■ Task goal: From the line that contains "Lake 47 Suites" through the end of the records below, write out each line exactly as it appears, but not the pictures.

━━ Excerpted records ━━

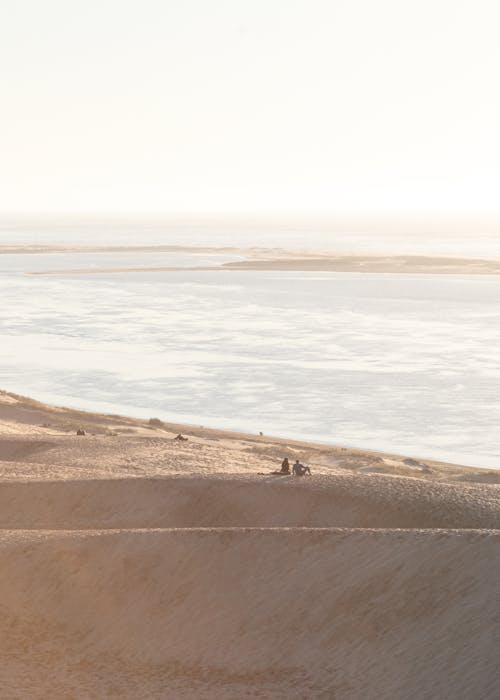 Бесплатное стоковое фото с вертикальный выстрел, дюна, море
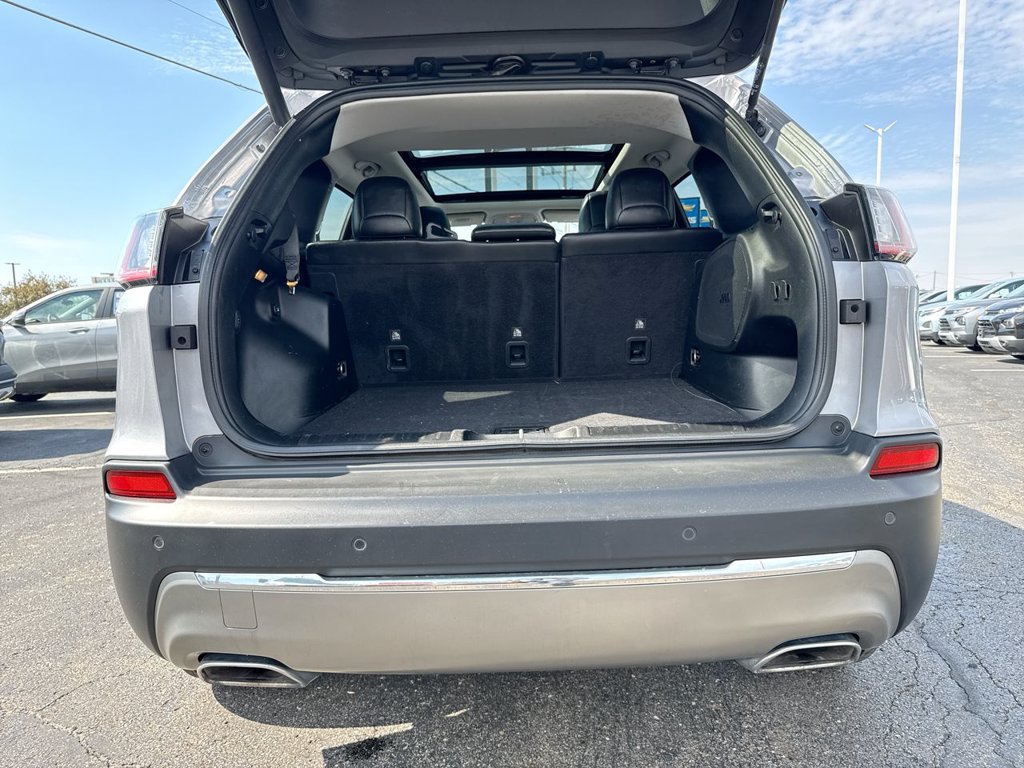 Used 2019 Jeep Cherokee Limited AWD/4WD image 24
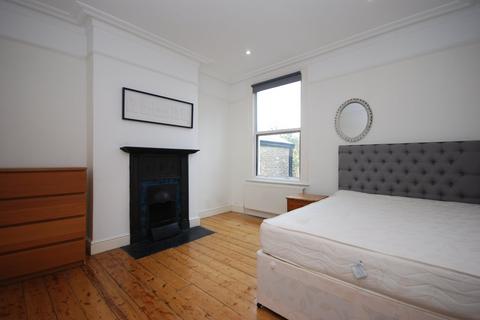 3 bedroom apartment to rent, Cambray Road, Balham SW12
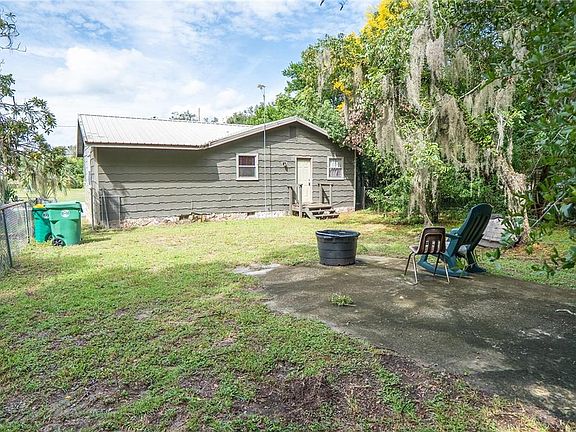 27th image of 311 S THOMPSON AVENUE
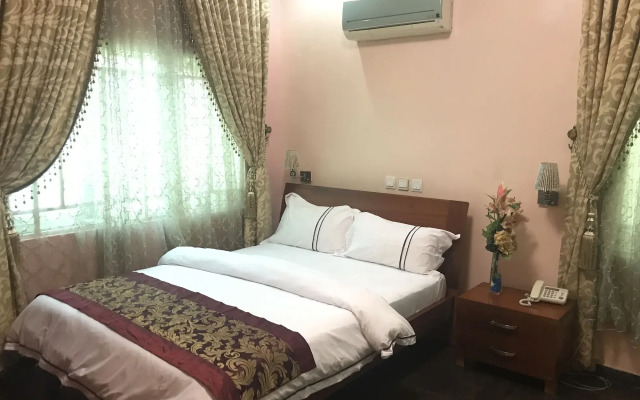Lake 47 Suites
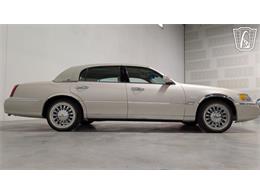 2001 Lincoln Town Car (CC-2071975) for sale in Caledonia, Wisconsin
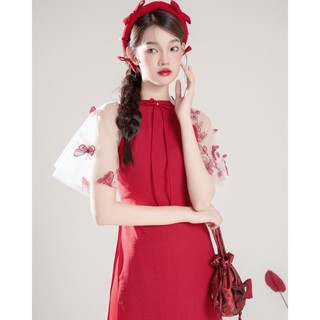 Áo dài đỏ đô lily store, áo dài cách tân nhung tay lửng đính nút kèm quần suông đen hàng thiết kế đủ size.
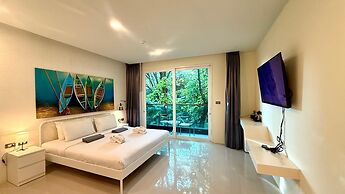 Emerald 412a - Studio With Balcony and Shared Pool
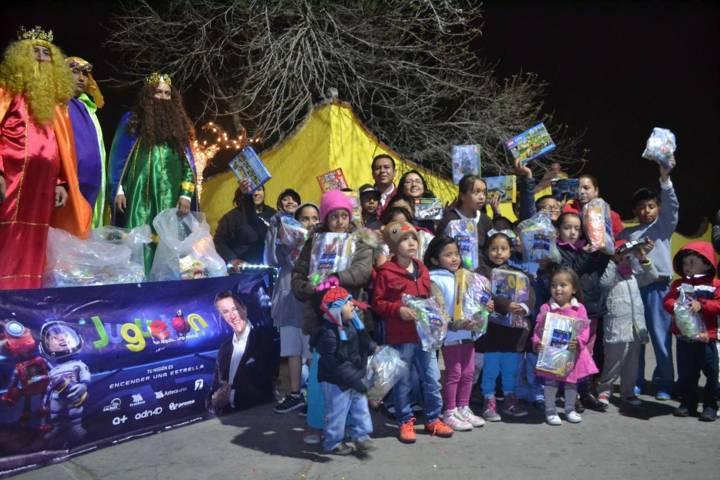 Rivera Mora lleva felicidad a los niños en el día de Reyes Magos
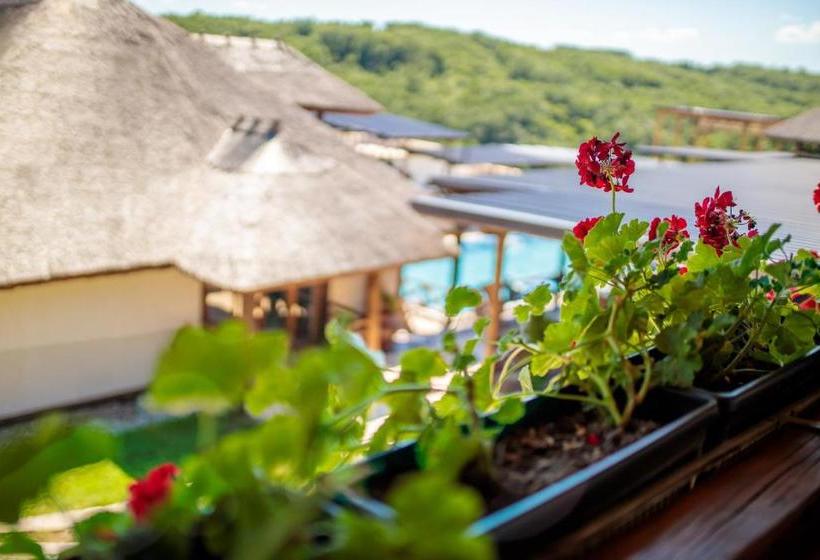 تختخواب و صبحانه Woodland Resort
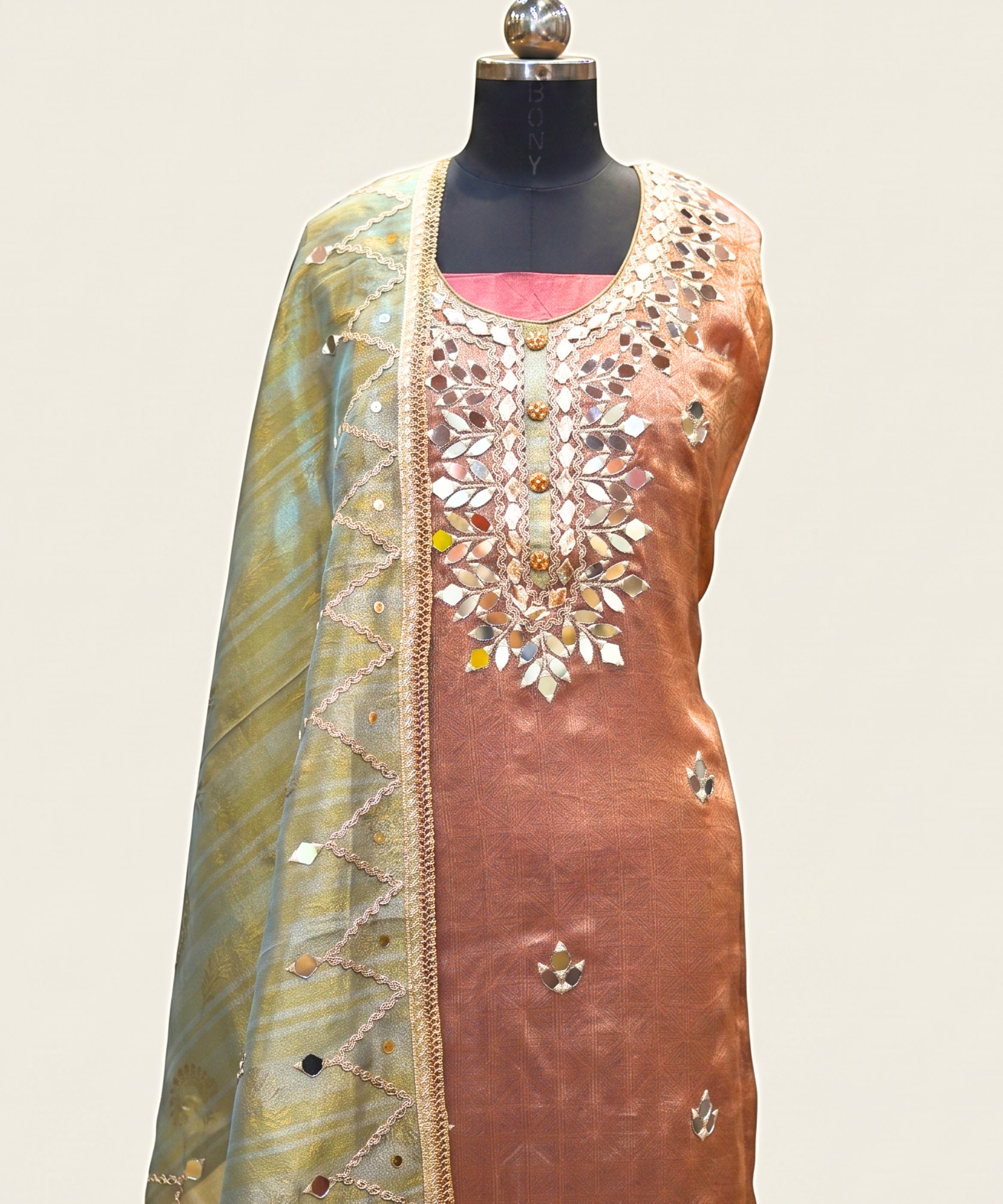 dyeable mal chanderi chikankari syuit dupatta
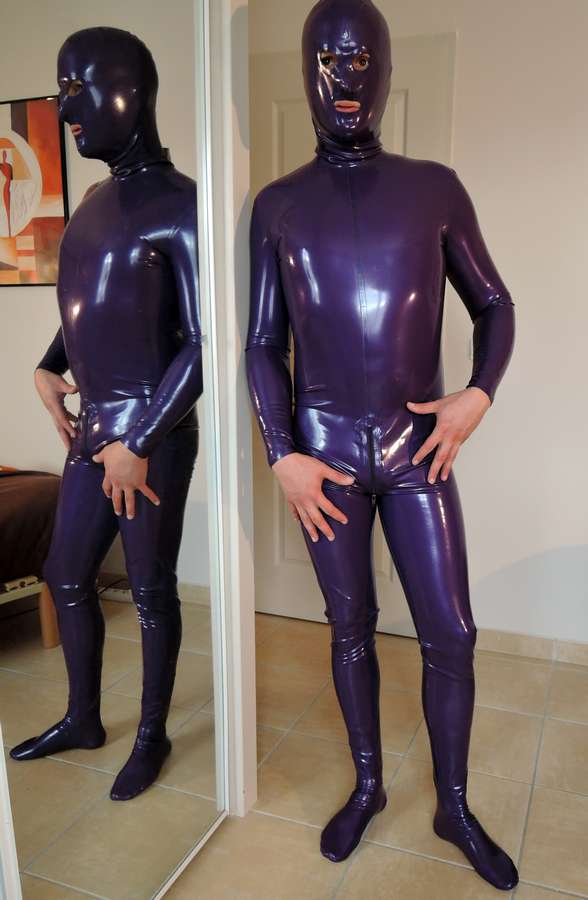 Catsuit violette
Ma nouvelle catsuit violette, de LatexCatFish
Mots-clés: latex catsuit
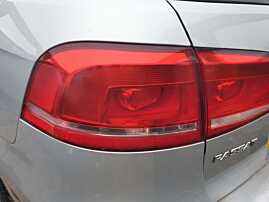 Tripla Stop Lampa Stanga de pe Aripa Caroserie Volkswagen Passat B7 Break Combi 2010 - 2015 [K3750]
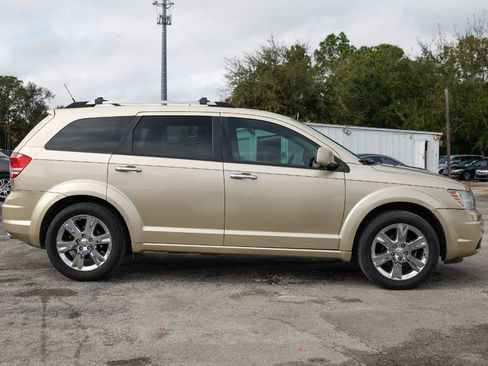 Used 2010 Dodge Journey R/T w/ Navigation & Sound Group I image 13
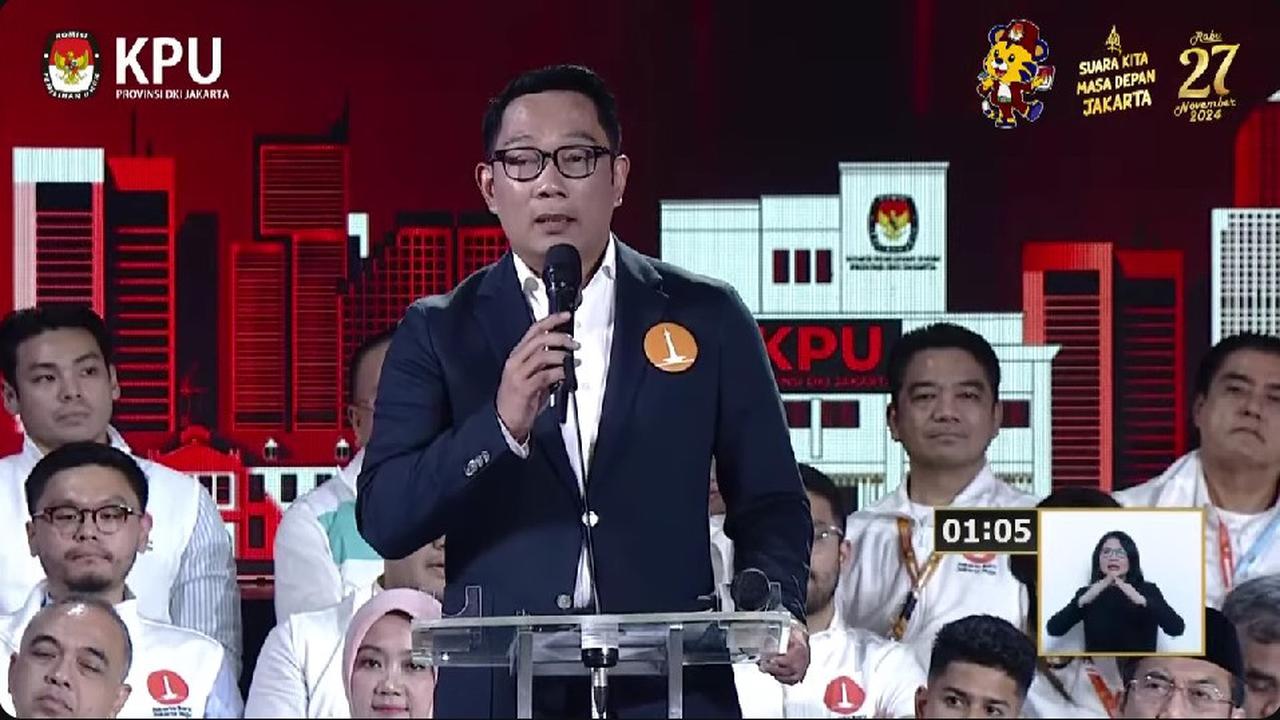 Calon gubernur (Cagub) nomor urut 1 Ridwan Kamil saat debat terakhir atau debat ketiga Pilkada Jakarta 2024.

━━━

■ Output of the exercise:
Lake 47 Suites
 2001 Lincoln Town Car (CC-2071975) for sale in Caledonia, Wisconsin
 Áo dài đỏ đô lily store, áo dài cách tân nhung tay lửng đính nút kèm quần suông đen hàng thiết kế đủ size.
 Emerald 412a - Studio With Balcony and Shared Pool
 Rivera Mora lleva felicidad a los niños en el día de Reyes Magos
 تختخواب و صبحانه Woodland Resort
 dyeable mal chanderi chikankari syuit dupatta
 Catsuit violette
Ma nouvelle catsuit violette, de LatexCatFish
Mots-clés: latex catsuit
 Tripla Stop Lampa Stanga de pe Aripa Caroserie Volkswagen Passat B7 Break Combi 2010 - 2015 [K3750]
 Used 2010 Dodge Journey R/T w/ Navigation & Sound Group I image 13
 Calon gubernur (Cagub) nomor urut 1 Ridwan Kamil saat debat terakhir atau debat ketiga Pilkada Jakarta 2024.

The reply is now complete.